-- Opening Marker --

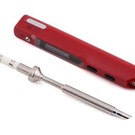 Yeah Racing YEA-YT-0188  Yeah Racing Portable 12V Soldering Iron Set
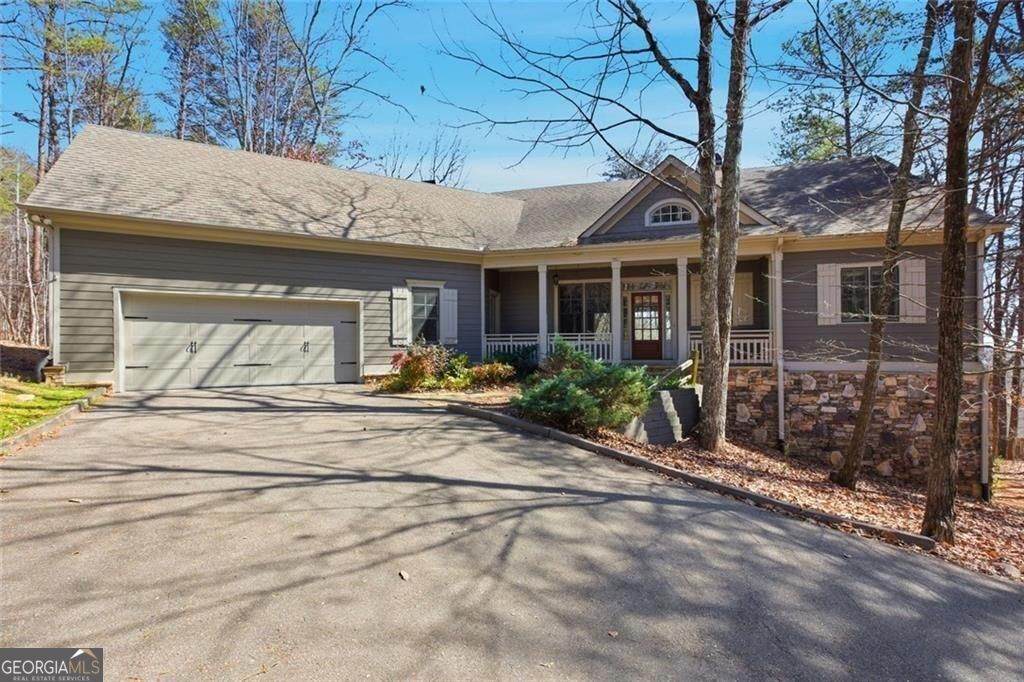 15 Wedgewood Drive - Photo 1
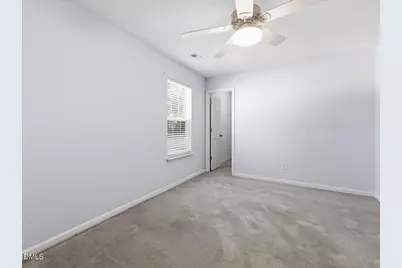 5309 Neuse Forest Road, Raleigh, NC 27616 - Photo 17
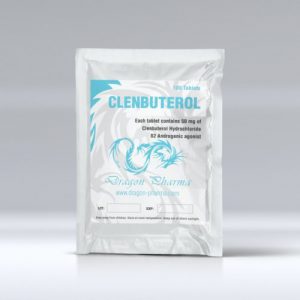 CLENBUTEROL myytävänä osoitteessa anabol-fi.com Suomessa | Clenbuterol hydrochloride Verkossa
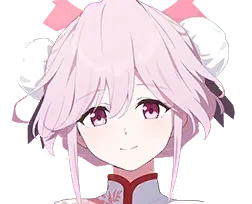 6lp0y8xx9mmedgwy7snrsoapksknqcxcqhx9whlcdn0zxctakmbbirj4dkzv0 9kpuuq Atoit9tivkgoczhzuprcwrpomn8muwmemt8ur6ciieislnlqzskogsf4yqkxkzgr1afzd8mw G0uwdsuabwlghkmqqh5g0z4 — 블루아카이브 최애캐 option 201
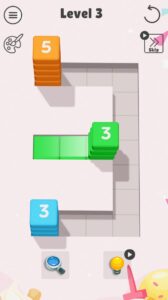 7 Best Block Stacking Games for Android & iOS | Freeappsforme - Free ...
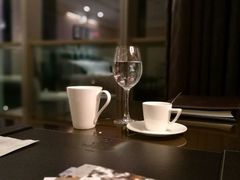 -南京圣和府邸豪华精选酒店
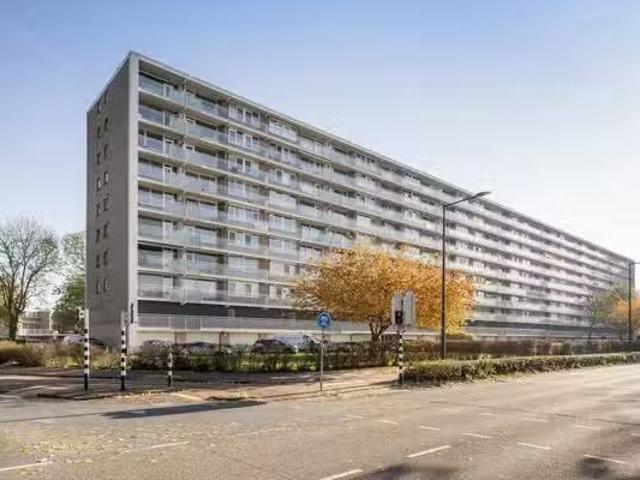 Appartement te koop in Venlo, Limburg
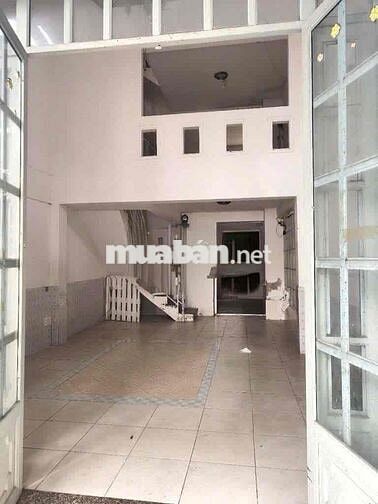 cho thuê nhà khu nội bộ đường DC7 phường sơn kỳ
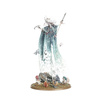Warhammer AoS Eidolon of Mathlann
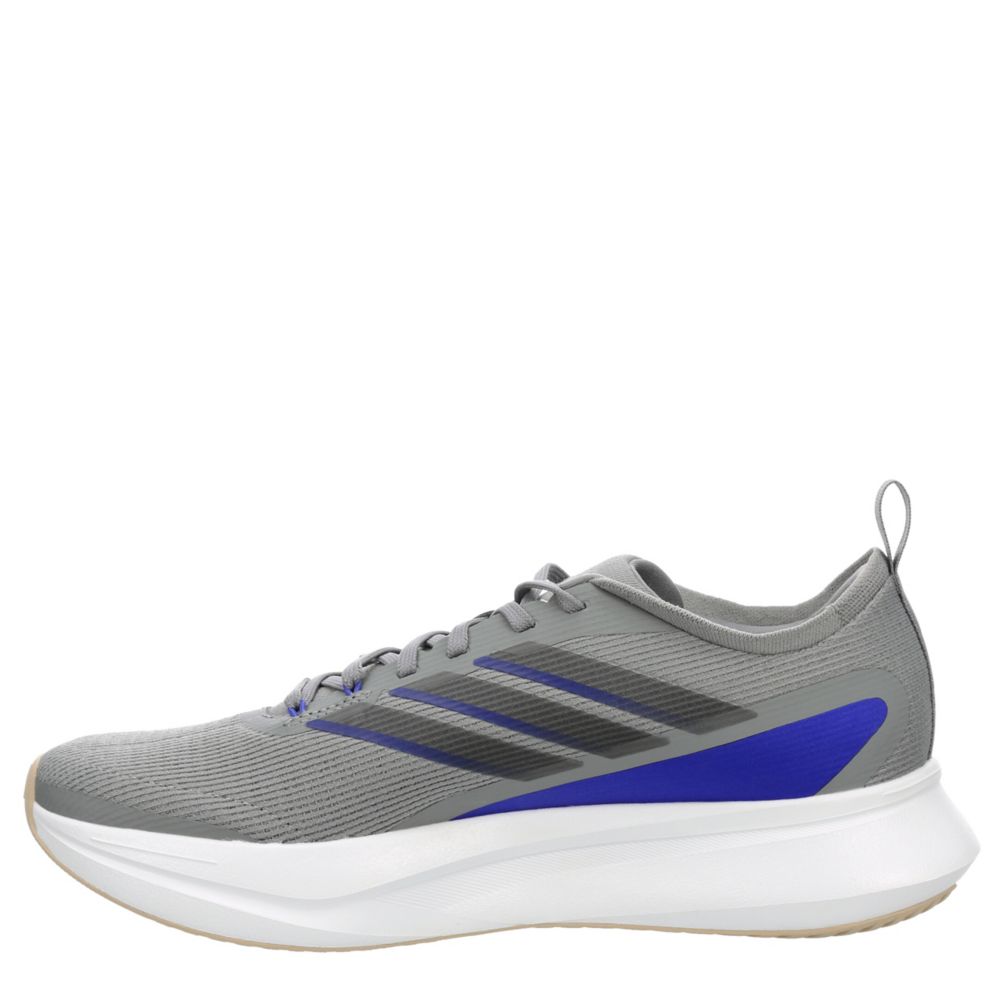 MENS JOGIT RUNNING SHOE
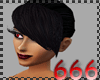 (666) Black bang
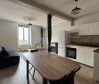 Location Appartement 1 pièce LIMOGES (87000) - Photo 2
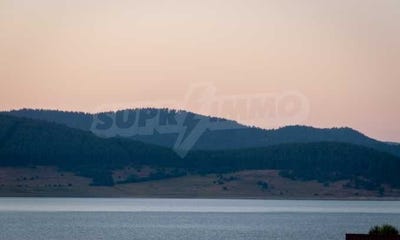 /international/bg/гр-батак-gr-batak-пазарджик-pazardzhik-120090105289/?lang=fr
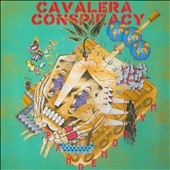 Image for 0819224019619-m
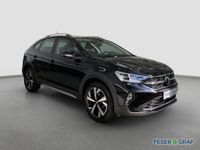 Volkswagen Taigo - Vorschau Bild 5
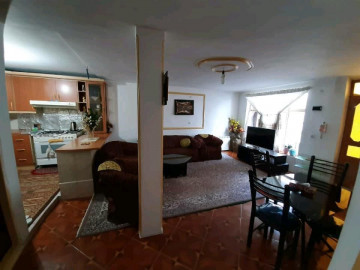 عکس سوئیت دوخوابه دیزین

-- Closing Marker --
-- Opening Marker --

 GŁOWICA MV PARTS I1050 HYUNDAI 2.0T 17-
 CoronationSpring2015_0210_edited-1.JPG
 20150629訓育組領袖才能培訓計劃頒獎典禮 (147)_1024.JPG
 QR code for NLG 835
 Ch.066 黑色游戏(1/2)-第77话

-- Closing Marker --

=== Task prompt ===
Above are some records; quote exactly and only the lines that begin at the line containing "Image for 0819224019619-m" and stop after the line containing "عکس سوئیت دوخوابه دیزین", leaving out the pictures.

=== Answer below ===
 Image for 0819224019619-m
 Volkswagen Taigo - Vorschau Bild 5
 عکس سوئیت دوخوابه دیزین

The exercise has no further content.